Cette pratique musicale favorise petit à petit l’émergence de prises de conscience, même si le pas vers leur expression est incertain et prend du temps à se décider et finaliser. En tous les cas, le groupe d’intervenants n’était pas destinataire d’informations plus précises sur ces jeunes, principe que nous partagions de façon éthique et déontologique. Néanmoins, il s’agit d’admettre une convergence de points de vue quant aux effets positifs du Jeu d’Orchestre.
Conclusion
Le projet aura donc permis de faire évoluer deux milieux très éloignés (université et centre de détention) et les faire collaborer dans un objectif commun d’amélioration de vie, même momentanée, des jeunes.
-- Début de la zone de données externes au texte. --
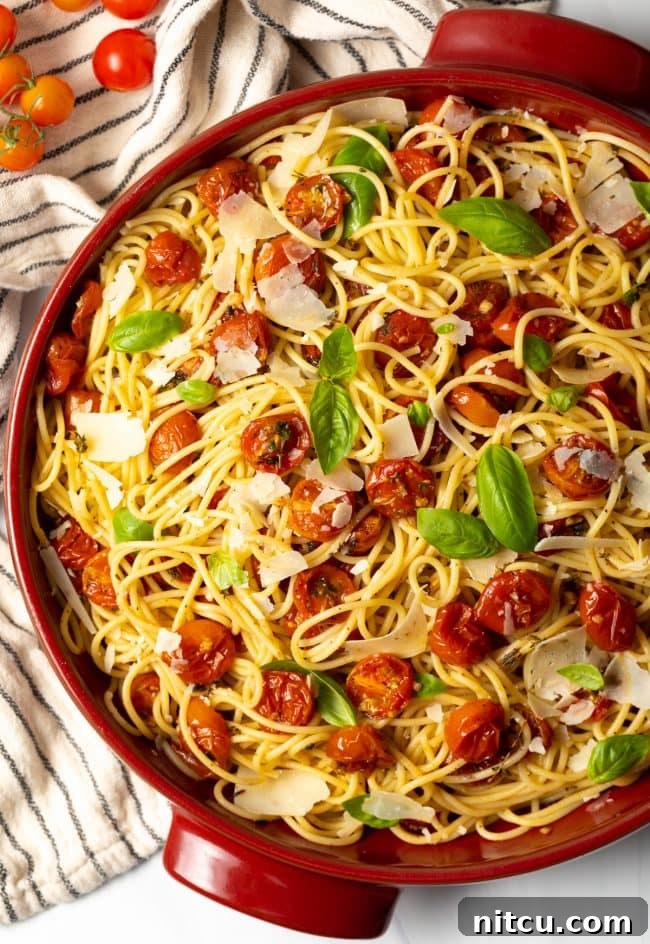Oven-Kissed Cherry Tomatoes 11 A large pot of perfectly cooked spaghetti coated in a rich, homemade roasted cherry tomato sauce.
La recherche-action aura su créer un projet riche de sens institutionnel, social, psychologique et humain. Le Jeu d’Orchestre apparaît alors comme un processus propre à permettre au jeune de se découvrir au détour d’un son, trouver « sa voix instrumentale » de manière juste et harmonieuse, pour reprendre possession même partielle de son histoire et s’actualiser, s’harmoniser au fil des séances. Il s’agit en fait de faire sourdre du sens en soi par le ressenti d’épreuves humaines et musicales. Le Jeu d’Orchestre représente ainsi un processus d’apprentissage de la musique à la fois intime et collectif permettant de se vivre et vivre-ensemble pleinement. L’éveil du sujet sensible s’accompagne de celui de tous. L’effet de libération sera d’autant plus sensible que le jeune aura pu se mobiliser et avancer dans son rapport intime. Vaste chantier que celui de la construction humaine où, dans le moment présent, le sujet sensible s’éveille, se prend comme tel et s’autorise à vivre l’instant suivant, se réconciliant ainsi avec le temps. Poser l’analyse du Jeu d’Orchestre dans la perspective du Sensible représente une tentative de réconcilier l’éducation avec le corps, ses émotions et sensations comme autant de façons de rejoindre et faire émerger l’intelligible. C’est à la condition de prendre conscience de ce processus particulier et indispensable pour remettre l’humain à sa place et développer sa construction que le regard de la société envers « ses enfants » pourra les réhabiliter. L’apprentissage sensible de ces jeunes représente un arrêt momentané dans la spirale du temps qui emboîte les évènements et fait d’eux des délinquants. Le sentiment de valeur de soi que développe le jeu d’orchestre est un socle fondamental, selon nous, pour d’autres formes d’apprentissages et engagements ultérieurs. Celui-ci aura constitué pour certains en une véritable illumination silencieuse en réponse à l’interpellation musicale profonde. L’effet d’auto-affection, véritable sentiment réparateur de soi, gagnerait à être et reconnu, pour ces jeunes et plus largement en éducation.